Surely there are traditional, realistic narratives among the notable novels about the war: Mr. Halberstam’s “One Very Hot Day” spawned James Webb’s “Fields of Fire” (1978), John Del Vecchio’s “The 13th Valley” (1982) and 2009’s “Matterhorn,” by Karl Marlantes — sprawling, so-called melting-pot-platoon combat novels in the tradition of James Jones’s World War II epics.

But most of the noteworthy narratives of the Vietnam War are the children of Mr. Crumley and Mr. Eastlake and Mr. Mailer. Another journalist, Mr. Herr, spun Mr.

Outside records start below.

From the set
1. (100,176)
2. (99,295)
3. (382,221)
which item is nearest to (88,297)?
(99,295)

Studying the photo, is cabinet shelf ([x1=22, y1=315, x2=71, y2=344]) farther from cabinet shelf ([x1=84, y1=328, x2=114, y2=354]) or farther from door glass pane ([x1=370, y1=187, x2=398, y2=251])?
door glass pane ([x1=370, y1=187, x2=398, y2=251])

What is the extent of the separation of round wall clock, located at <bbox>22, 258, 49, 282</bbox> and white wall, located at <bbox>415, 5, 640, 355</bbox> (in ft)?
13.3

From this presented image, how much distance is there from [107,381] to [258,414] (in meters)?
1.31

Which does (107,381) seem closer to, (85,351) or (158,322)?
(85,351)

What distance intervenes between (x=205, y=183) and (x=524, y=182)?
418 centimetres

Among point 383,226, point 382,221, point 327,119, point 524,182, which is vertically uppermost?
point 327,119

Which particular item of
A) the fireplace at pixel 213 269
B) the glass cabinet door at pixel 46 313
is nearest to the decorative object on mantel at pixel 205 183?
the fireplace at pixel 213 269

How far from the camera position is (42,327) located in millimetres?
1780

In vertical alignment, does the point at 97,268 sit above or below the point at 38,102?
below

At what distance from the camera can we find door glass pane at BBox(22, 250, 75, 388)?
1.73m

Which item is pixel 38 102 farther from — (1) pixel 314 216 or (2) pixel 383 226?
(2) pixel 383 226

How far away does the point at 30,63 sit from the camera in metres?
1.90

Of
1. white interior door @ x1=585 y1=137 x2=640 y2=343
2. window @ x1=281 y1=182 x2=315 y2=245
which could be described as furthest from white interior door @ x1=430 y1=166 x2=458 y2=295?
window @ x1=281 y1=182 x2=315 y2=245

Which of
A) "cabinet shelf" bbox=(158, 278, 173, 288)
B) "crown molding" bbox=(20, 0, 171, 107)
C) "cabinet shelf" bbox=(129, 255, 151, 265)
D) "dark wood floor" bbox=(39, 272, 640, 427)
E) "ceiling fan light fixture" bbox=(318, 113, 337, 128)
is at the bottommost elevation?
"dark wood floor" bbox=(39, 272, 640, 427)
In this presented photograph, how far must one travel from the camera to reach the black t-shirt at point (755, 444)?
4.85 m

Just’s account of the Five O’Clock Follies and the misprisions of the South Vietnamese government into the vertiginous, audacious, now-classic “Dispatches,” a personal account of the war whose structure and language embody the absurd chaos of life in-country. Mr. O’Brien’s “Going After Cacciato” is an irrational picaresque, with an AWOL protagonist walking from Vietnam to Paris. The ghosts of the dead soldiers of Alpha Company narrate Mr. Heinemann’s brutal “Paco’s Story” (1987).

Most of the earliest narrative chronicles of the Vietnam War have been forgotten. Mr. Crumley and Mr. Eastlake are footnotes in the literary scholarship on the war, and Mr. Halberstam and Mr. Just are much better known for later work than for “One Very Hot Day” and “To What End.” But the flowering of Vietnam literature, film and songwriting of the late 1970s and ’80s did not spring out of nowhere. These harbingers announced the rich, challenging stories to come.

Maureen Ryan, a professor of English and the dean of the College of Arts and Letters at the University of Southern Mississippi, is the author of The Other Side of Grief: The Home Front and the Aftermath in American Narratives of the Vietnam War.